1940 lernte der junge Niemeyer den damaligen Bürgermeister von Belo Horizonte, Juscelino Kubitschek, kennen und erhielt von ihm seinen ersten wichtigen Auftrag: Das Projekt für eine Kirche und ein Kasino am Ufer des Pampulha-Sees. Die Produktion von Niemeyer war überraschend. Sein Ruhm wuchs immer mehr und 1952 wurde er eingeladen, an dem Projekt für das Gebäude der Vereinten Nationen in New York teilzunehmen, zusammen mit Architekten wie Le Corbusier aus der französischen Schweiz. Zwei Jahre später wurde sein immer weiter wachsender Ruhm durch sein Haus in Rio de Janeiro bestätigt. 1956 gab ihm der inzwischen zum Präsidenten gewählten Kubitschek den Auftrag, die wichtigsten Gebäude einer neuen Stadt zu entwerfen: Brasilia. Es heißt, dass Niemeyer auch mit einigen guten Ideen zu dem Design beitrug, das Le Corbusier für das Bildungsministerium von Rio de Janeiro erstellte, eines der wenigen Werke des Schweizers in Südamerika.

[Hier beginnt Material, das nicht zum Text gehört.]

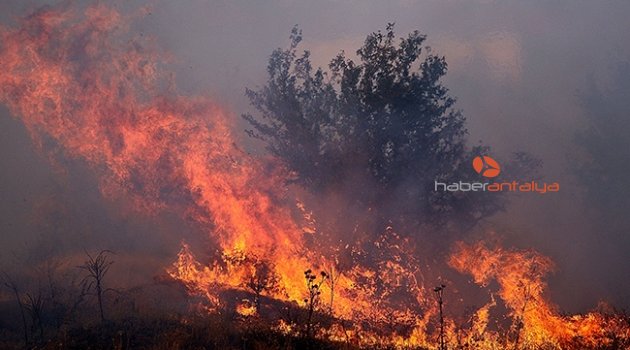 Antalya'daki yangını söndürme çalışmaları devam ediyor: 1000 hektar zarar gördü!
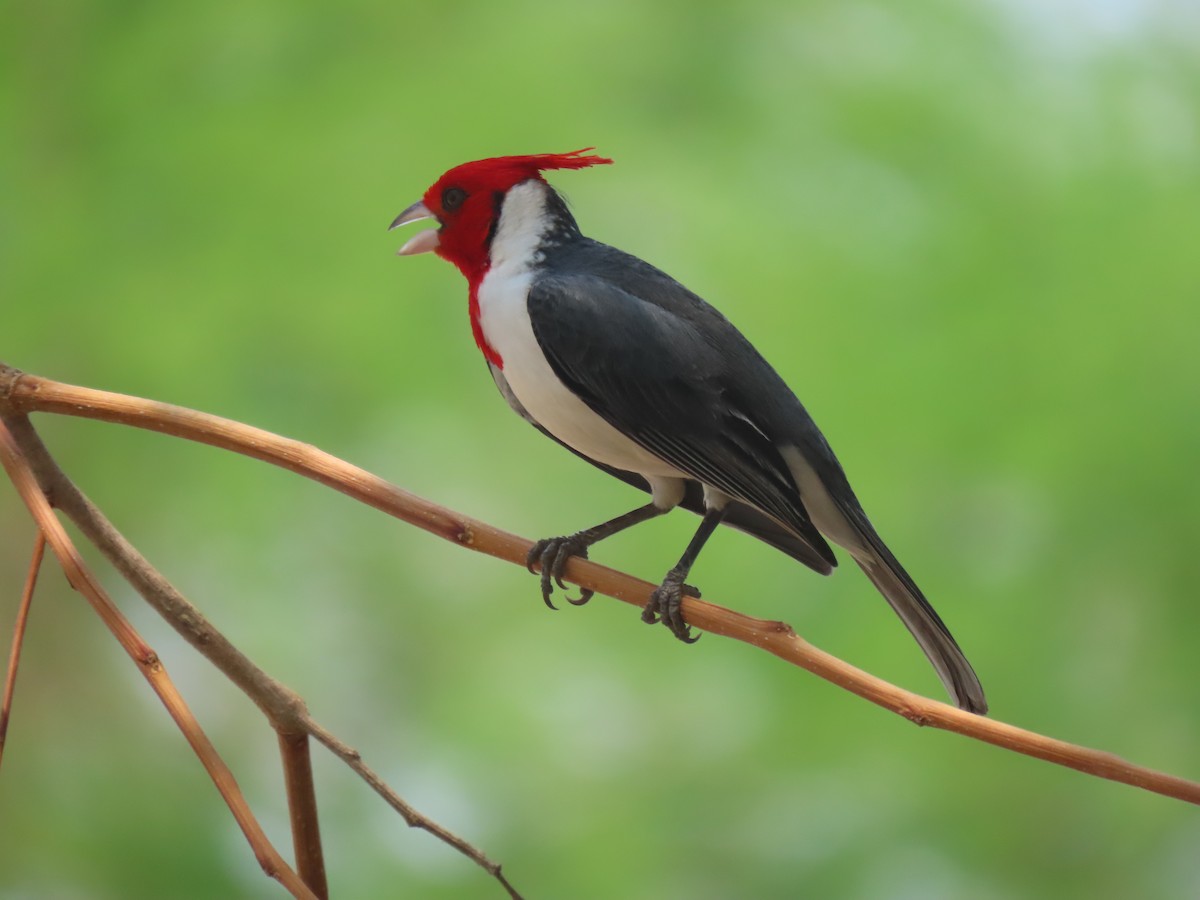 Red-crested Cardinal - ML644187841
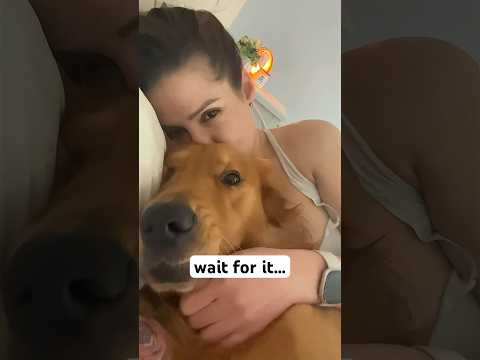 Teddy takes nap time very seriously! #goldenretreiver #dog #dogsofyoutube #naptime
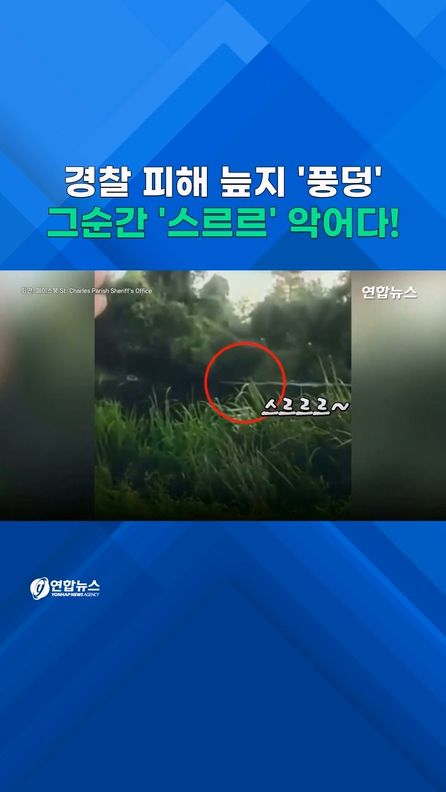 [쇼츠] 경찰 피하려 늪지 '풍덩'…때마침(?) 악어 '스르르' - 2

Trotz seiner Erfolge und der Anerkennung am Ende seines Lebens und des ruhmreichen Beginns seiner Laufbahn musste Niemeyer auch die Ächtung wegen seiner politischen Überzeugung erdulden. Aufgrund seiner Verbindung zur konstitutionellen Regierung des Präsidenten Juscelino Kubitschek musste er in den 60er Jahren nach Frankreich ins Exil.

Von 1991 bis 1996 leitete er die Bauarbeiten für das, was viele für sein bestes Werk halten: das Museum für zeitgenössische Kunst von Niterói, das die Form einer auf den Stein projizierten Skulptur hat, mit Blick auf die Bucht von Guanabara und die Stadt Rio de Janeiro. Die Stiftung, die seinen Namen trägt, wurde 1988 gegründet.

Niemeyer war der letzte Zeuge einer Zeit, in der die Architektur als Synonym für Fortschritt, Demokratie und soziale Gerechtigkeit verstanden werden wollte. Es war eine messianische Zeit, die sogenannte Moderne Bewegung. Die großen Helden dieser Zeit waren u.a. Le Corbusier, Mies Van der Rohe und Walter Gropius.

1988 gewann er den Pritzker-Preis, der dem Nobelpreis für Architektur gleichgesetzt wird, 1989 erhielt er den Prinz-von-Asturien-Preis für Kunst. Bis zum letzten Atemzug arbeitete er weiter in seinem Studio mit großen, gebogenen Fenstern an dem berühmten Strand Copacabana. Dort widmete er sich seiner Fachzeitschrift für Architektur Novos Caminhos, ebenso wie neuen Projekten, wie dem Auftrag für die Bibliothek der arabischen und südamerikanischen Staaten, den er von der algerischen Regierung erhalten hatte.

Trotz seines beruflichen Erfolgs betonte Niemeyer immer, dass die Architektur nicht das Wichtigste auf der Welt sei, ebenso wenig wie die Politik. Niemeyer sagte, für ihn sei das Wichtigste das Leben. Mit über 600 abgeschlossenen Werken und etwa zwanzig laufenden Projekten in Brasilien und im Ausland hatte dieser Mann mit fragilem Aussehen und geistig regem Blick immer gesagt, er wolle auch weiterhin „überraschen“.